Despite the promising results observed in this study, certain limitations should be acknowledged. Firstly, although the optimized hydrolysis conditions improved the functional properties of MBPH, factors such as batch-to-batch variability, protein source heterogeneity, and enzyme specificity could influence the reproducibility of results. Moreover, sensory properties—including flavor and odor, which are critical for consumer acceptance—were not evaluated and require further investigation. In terms of practical applications, MBPH exhibits desirable solubility and emulsifying properties, suggesting potential for use in plant-based beverages, meal replacements, and emulsified food systems. However, challenges related to product stability under varying pH and temperature conditions, as well as the scalability of enzymatic hydrolysis processes at the industrial level, must be addressed before commercial implementation.

4. Conclusions

This study successfully optimized the hydrolysis conditions for MBPH production, achieving an ideal Alcalase concentration of 5.88% and a hydrolysis time of 3.56 h.
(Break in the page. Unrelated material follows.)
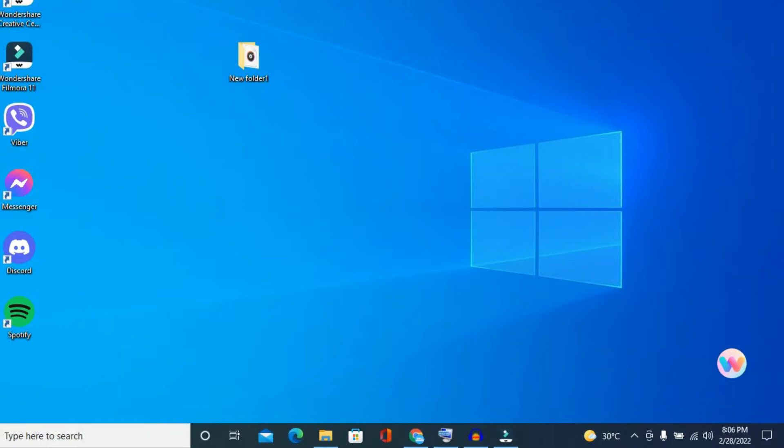After you have done that, you're going to come on your laptop or PC and right where you see the arrow right here that says show hidden icons, you are going to tap right there and you're going to select Bluetooth.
The optimized MBPH exhibited significantly improved solubility, emulsifying capacity, and antioxidant activity, highlighting its potential as a valuable functional ingredient for plant-based food systems. Additionally, a comparative analysis with MBPI confirmed structural modifications that contributed to the enhanced bioactivity of the hydrolysate. Importantly, the use of a moderate enzyme concentration demonstrated practical feasibility, as it produced high-quality hydrolysate without the need for excessive enzyme usage. Furthermore, earlier results suggest that even lower enzyme concentrations, such as 1%, may still offer acceptable functional properties, supporting the feasibility of enzyme reduction depending on specific industrial objectives. This strategy may help reduce production costs and enhance scalability in industrial applications. Future work should focus on incorporating MBPH into real food matrices, evaluating sensory attributes, and further optimizing enzyme usage to enhance commercial viability.